Calculators  ›  Hemodynamics

MAP — Mean Arterial Pressure

The single most clinically important blood-pressure number. Below 65 mmHg, end-organ perfusion is at risk; sepsis and shock protocols target ≥65. The calculator uses the bedside-standard estimate: (SBP + 2·DBP) ÷ 3.

MAP
— mmHg
Enter SBP and DBP to calculate.

Formula and why it isn't (SBP + DBP) / 2

MAP  =  (SBP + 2 × DBP)  ÷  3

The heart spends roughly twice as long in diastole as in systole during a normal-rate cycle, so a simple average overweights the systolic peak. Multiplying DBP by 2 corrects for that. At very high heart rates (≥120 bpm), the ratio shifts and arterial-line MAP becomes more accurate than the cuff estimate.

Perfusion thresholds — what to do when MAP drops

  • MAP ≥ 65 mmHg — minimum target for organ perfusion in sepsis, septic shock, and most adult ICU patients (Surviving Sepsis Campaign).
  • MAP ≥ 80–90 mmHg — used in TBI and post-stroke to maintain cerebral perfusion pressure (CPP = MAP − ICP).
  • MAP 60–65 mmHg — concerning. Reassess fluid status, pull labs, notify provider.
  • MAP < 60 mmHg — emergency. Vasopressor titration, fluid bolus per protocol, escalate.
NCLEX trap: A blood pressure of 90/50 looks "OK" at a glance, but MAP = (90 + 100) / 3 = 63. That's below the 65 perfusion floor — it's not stable, it's pre-shock.

Worked example

BP 110/70:

  1. (110 + 140) / 3 = 250 / 3 = 83.3 mmHg.
  2. Above the ≥65 sepsis target.
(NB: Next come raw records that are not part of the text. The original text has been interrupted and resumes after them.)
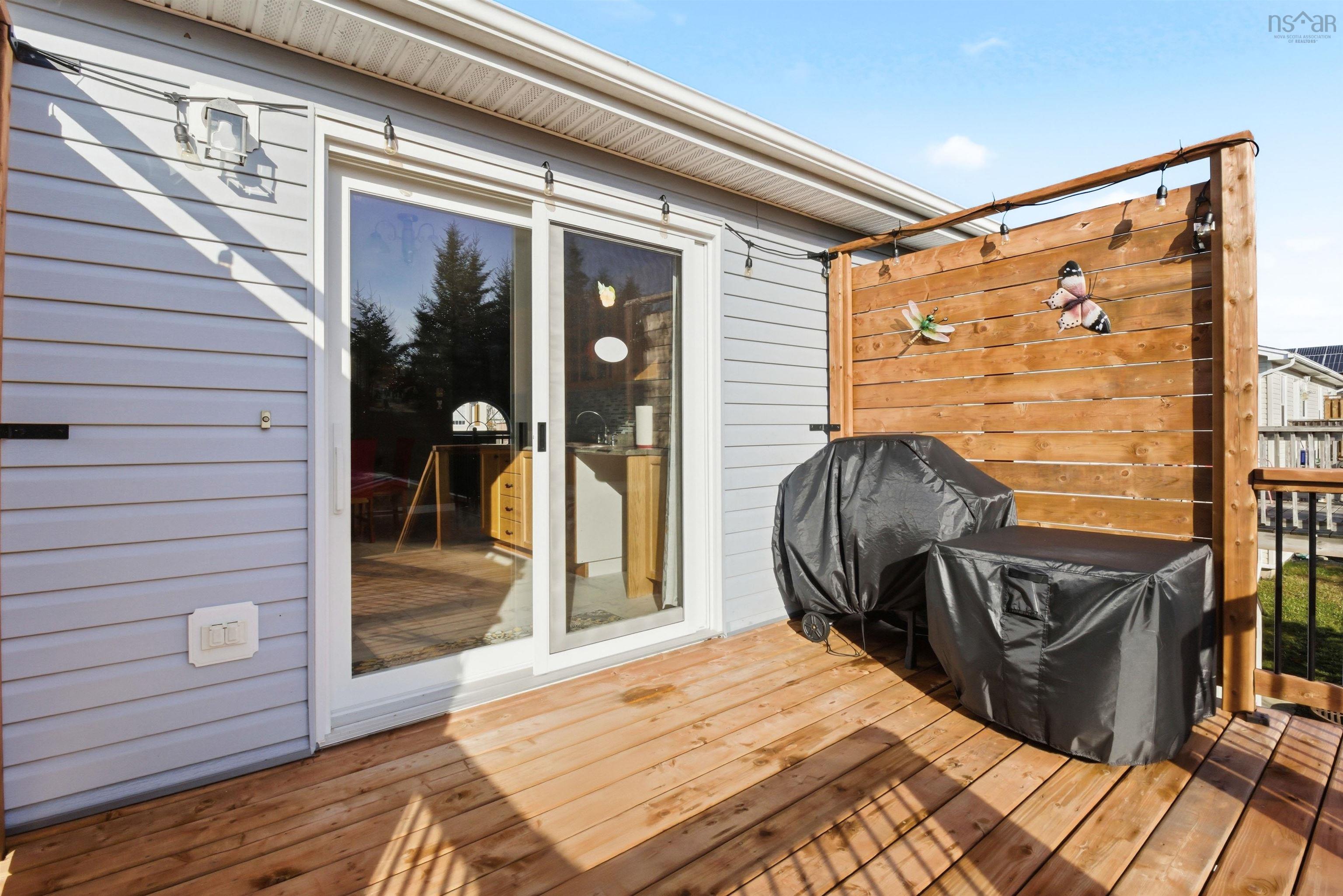 $425,000.00: 148 Vicky Crescent, Eastern Passage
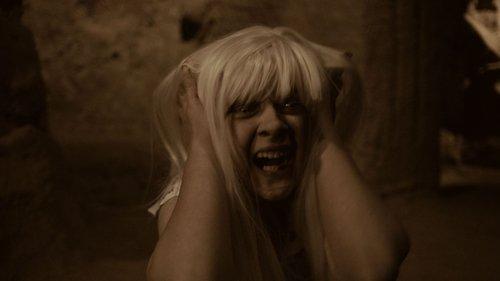 Siccîn 5 filmas žiurėti online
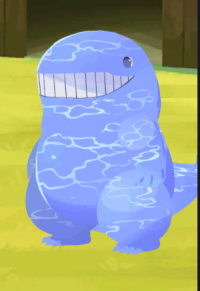 2023-07-11 13_02_27-Princess _).png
Adequate for organ perfusion in most adult contexts.

Common pitfalls

  • Reading the displayed MAP from the cuff and assuming it's correct. Cuff MAPs over-read at high heart rates and arrhythmias — confirm with arterial line in critically ill patients.
  • Ignoring trend. A MAP of 70 that just dropped from 90 is more dangerous than a stable 65.
  • Not reassessing after intervention. Recheck MAP within minutes of fluid bolus or vasopressor titration, not at the next vitals window.